Hace unos años me di cuenta de cuánto había cambiado la percepción y la relación de los humanos con los animales cuando una adolescente en un viaje escolar rompió a llorar desconsoladamente viendo una reata de mulas cargadas con los suministros habituales que se trasladan al refugio de la Laguna Grande desde la plataforma de Gredos.

A la chica hubo que explicarle que el trabajo que hacían las mulas y el mulero era algo natural y que en las condiciones de la montaña sólo se podría hacer con un helicóptero. Nada, no hubo manera, en su cabeza no entraba la idea de que alguien utilizara a un animal para desarrollar un trabajo que cualquier persona perteneciente a, simplemente tres generaciones o al mundo rural, consideraría como lo más natural del mundo.

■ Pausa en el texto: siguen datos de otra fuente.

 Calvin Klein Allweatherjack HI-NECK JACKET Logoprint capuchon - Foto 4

El mundo Disney se ha impuesto de tal manera en la sociedad actual que el trabajo de los animales se ve por mucha gente como equivalente a la esclavitud entre humanos. Los animales son ante todo mascotas y animales de compañía. No pueden hacer ningún trabajo. Se cuestiona la hípica, la caza y ya no digamos, aquellos “trabajos animales” en los que es necesaria una doma o entrenamiento continuado. Esclavitud y tortura son dos términos que no es raro oír asociados a esas actividades.

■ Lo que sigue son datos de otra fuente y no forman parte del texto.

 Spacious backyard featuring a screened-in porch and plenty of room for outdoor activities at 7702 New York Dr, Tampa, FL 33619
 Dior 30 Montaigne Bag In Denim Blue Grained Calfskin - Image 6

La única relación posible entre humanos y animales, en el ideario animalista, es la del dueño y la mascota, mimada, tratada a cuerpo de rey y con todo el catálogo de la declaración de derechos incorporada a su naturaleza. El trabajo, bíblicamente considerado un castigo para los humanos ha sido desechado en el nuevo catecismo del animal humanizado. Se tienen perros y gatos para cuidarlos y no para que guarden la casa o el ganado, o cacen ratones. Lo mismo da la especie, la raza o lo extravagante que resulte la mascota elegida, trasplantada casi siempre a un entorno urbano y a un hábitat de reducidas dimensiones.

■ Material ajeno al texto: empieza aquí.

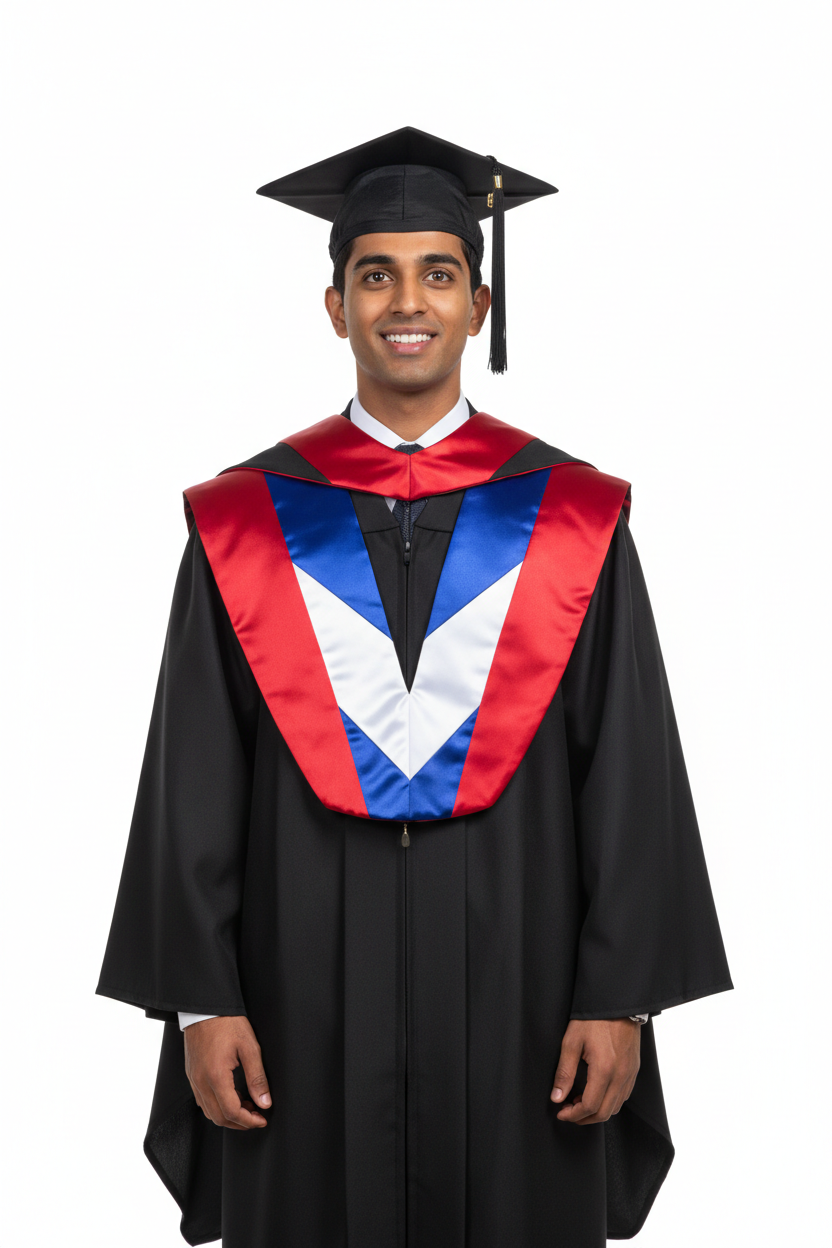Product 54 - Scarlet Royal Blue White Hood (corrected)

Razas de perros que siempre prestaron sus servicios al hombre en el mundo rural en el pastoreo, en la caza o en la guarda de las propiedades, son trasplantados al mundo Disney de sus amos. Un mundo que desgraciadamente está muy lejos de aquel entorno rural en el que los galgos corrían o los pastores alemanes o escoceses cuidaban ovejas o vacas.

Por eso, con los vientos que corren, se extraña uno de que la Consejería de Agricultura de Castilla-La Mancha se atreva a promocionar el trabajo animal con esa orden de hace unas semanas que otorga ayudas de hasta trescientos cincuenta euros anuales para el mantenimiento de perros mastines a los ganaderos  extensivos en zonas con riesgo de presencia del lobo ibérico.

¡Pobres mastines! como los hijos de Adán y cualquier humano maldecidos por el trabajo y subvencionados por la Junta. No hay derecho, coño.